• WHAT YOU ARE ASKED TO DO
Output the lines from the one holding "Ein sonnendurchfluteter Waldweg" to the end of the entries that follow, exactly and only those, minus any pictures.

DATA EXCERPTS below:

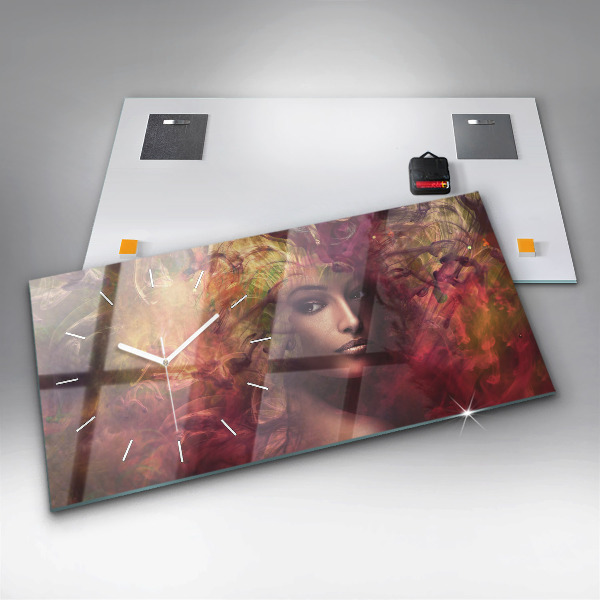 Ceas orizontale de perete din sticlă Portretul unei femei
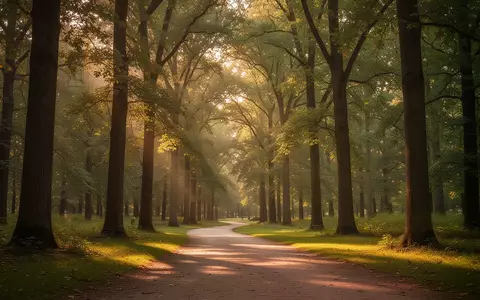 Ein sonnendurchfluteter Waldweg in einem Park, der zu einem gesunden und aktiven Lebensstil einlädt. - Foto: über boerse-global.de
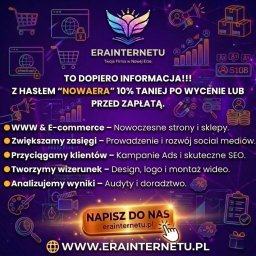 EraInternetu - Grafika reklamowa firmy EraInternetu z Nowej Erze. Oferta obejmuje strony WWW, e-commerce, social media, kampanie Ads, SEO, design, logo, montaż wideo i audyty.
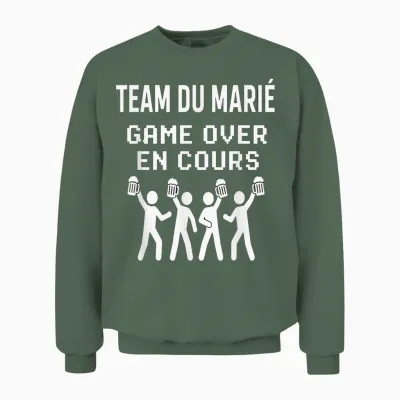 Humour Evg Team Du Marié Game Over En Cours Cadeau Fête Unisex Sweatshirt - Military Green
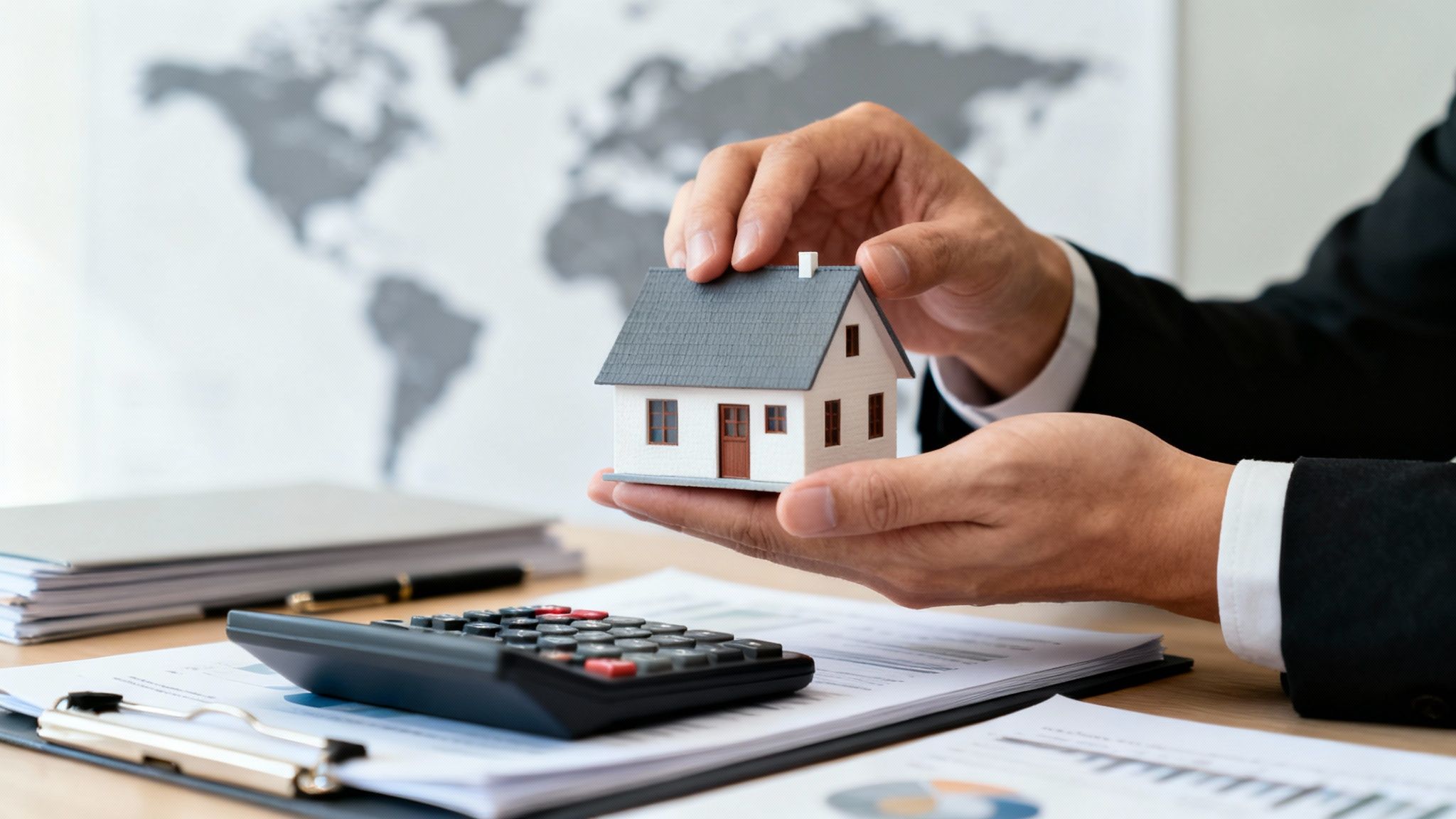 איש עסקים מחזיק דגם בית קטן מעל שולחן משרדי עם מחשבון ומסמכים פיננסיים.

End of DATA EXCERPTS.

• EXERCISE RESULT
 Ein sonnendurchfluteter Waldweg in einem Park, der zu einem gesunden und aktiven Lebensstil einlädt. - Foto: über boerse-global.de
 EraInternetu - Grafika reklamowa firmy EraInternetu z Nowej Erze. Oferta obejmuje strony WWW, e-commerce, social media, kampanie Ads, SEO, design, logo, montaż wideo i audyty.
 Humour Evg Team Du Marié Game Over En Cours Cadeau Fête Unisex Sweatshirt - Military Green
 איש עסקים מחזיק דגם בית קטן מעל שולחן משרדי עם מחשבון ומסמכים פיננסיים.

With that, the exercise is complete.